After a years-long pattern of slapping hefty fines on errant online gambling companies, the UK Gambling Commission has toughened its approach toward those breaching the UK’s gambling rules and regulations and has now begun suspending licenses held by such violators.
The regulator announced this week that it has instigated a review into online gambling operator Stakers under Section 116 of the Gambling Act 2005 and has suspended the Malta-based company’s license in the UK.
The Gambling Commission further explained that its decision was prompted by a “number of compliance issues.” Stakers’ license suspension took effect on March 4 and will remain in effect throughout the regulator’s review into the operators activities in the UK.
Stakers, which is also licensed by the Malta Gaming Authority, conducts online casino and sports betting activities.
Its license suspension in the UK makes it illegal to provide services to local gambling customers through its stakers.com website. The Gambling Commission has instructed the company to facilitate its players accessing their accounts to withdraw their funds and to advise them not to place any wagers through the Stakers website.
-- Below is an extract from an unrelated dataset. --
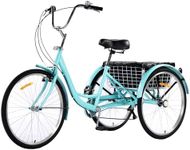 GarveeLife 3 Wheel Bikes for Adults, 7 Speed Tricycles for Adults, 26 inch Adult Tricycles for Women Men Seniors with Dual Chain, Rear Basket and Bag, Adult Trikes for Shopping, Beach and City, Green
News about the suspension of Stakers’ license arrived a few weeks after UK’s gambling regulator suspended the license of Addison Global Limited, which traded as MoPlay. The troubled sports betting operator stopped processing customers’ withdrawals just a few days after its license suspension and announced that it was insolvent.
Why Was Stakers’ License Suspended?
While no information on what Stakers’ violations were was provided, the Gambling Commission said that the review into the operator’s license was initiated under Section 116 of the Gambling Act.
The regulator also noted that it suspected Stakers had breached a condition of its license (Section 116 (2)(a) of the Act which made it unsuitable to carry on licensed activities on the territory of the UK.
Under Section 116 of the Gambling Act, the nation’s gambling watchdog can instigate a review into a UK-licensed operator if there is a reason to “suspect that activities may have been carried on in purported reliance on the licence but not in accordance with a condition of the licence.”
Section 116 goes on that a review can also be launched if the Gambling Commission:
(b) believes the licensee, or a person who exercises a function in connection with or is interested in the licensed activities, has acquired a conviction of a kind [..], or
(c) for any reason –
(i) suspects that the licensee may be unsuitable to carry on the licensed activities, or
(ii) thinks that a review would be appropriate.
News about the suspension of Stakers’ license emerged just days after another gambling operator was penalized by the Gambling Commission.
The regulator slapped late last month a £3 million penalty package on Mr Green over shortcomings in the operator’s social responsibility and anti-money laundering controls. Mr Green was purchased by William Hill last year in a £242 million deal.